This post is also available in: עברית (Hebrew)
Deepfakes and tempered audio can now be created with the press of a button and are therefore much more dangerous. New research by School of Information students at the University of Michigan makes it easy to determine the authenticity of an audio clip.
Romit Barua, Gautham Koorma, and Sarah Barrington first presented their research on voice cloning as their final master project. The team worked with Professor Hany Farid and looked into different techniques for differentiating a real from a cloned voice designed to impersonate a specific person.
According to Techxplore, the team first analyzed audio samples of real and fake voices by looking at perceptual features or patterns that can be visually identified. Through this lens, they focused on looking at audio waves and noticed that real human voices often had more pauses and varied in volume throughout the clip, because real people tend to use filler words and move around and away from the microphone while recording.
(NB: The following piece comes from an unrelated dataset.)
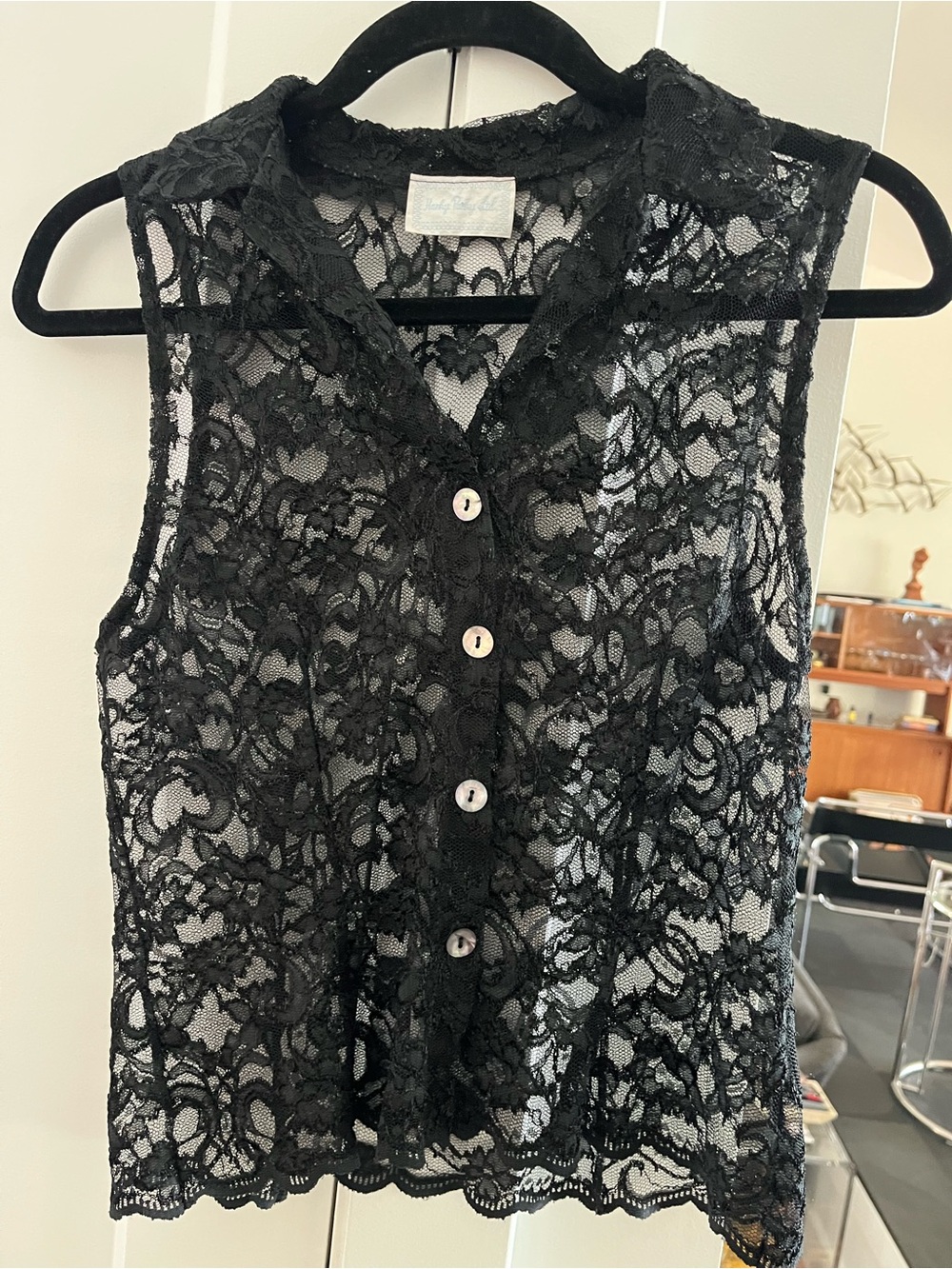 Vintage 80-90’s Hanky Panky Ltd Delicate Black Lace Sleeveless button up Blouse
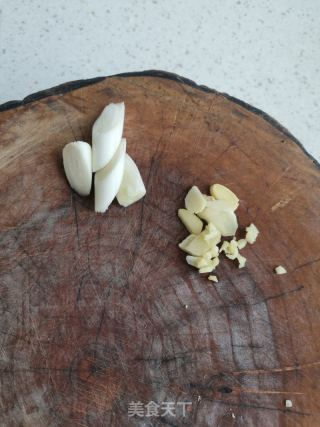 香辣黄花鱼的做法步骤：2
The team analyzed these features and managed to pinpoint pauses and amplitude (consistency and variation in voice) as key factors to look for when trying to determine a voice’s authenticity. However, they also found that this method can yield less accurate results.
The team then tried a different, more detailed approach, and used a ready-made audio wave analysis package that extracts over 6,000 features before selecting the 20 most important ones. The team analyzed these extracted features and compared them to other audio clips, thus creating a more accurate method.
The most accurate results, however, were yielded by using their learned features, which involve training a deep-learning model. The team did so by feeding the raw audio to the model, from which it processes and extracts multidimensional representations called embeddings. Once generated, the model uses these embeddings to distinguish real and synthetic audio.
This final method has consistently been the most accurate and has recorded 0% error in lab settings. However, this method could be difficult to understand without proper context.
The team claims this research may address growing concerns about using voice cloning and deepfakes for nefarious purposes. Barrington explained: “Voice cloning is one of the first instances where we’re witnessing deepfakes with real-world utility, whether that’s to bypass a bank’s biometric verification or to call a family member asking for money.”
“No longer are only world leaders and celebrities at risk, but everyday people as well. This work represents a significant step in developing and evaluating detection systems in a manner that is robust and scalable for the general public.”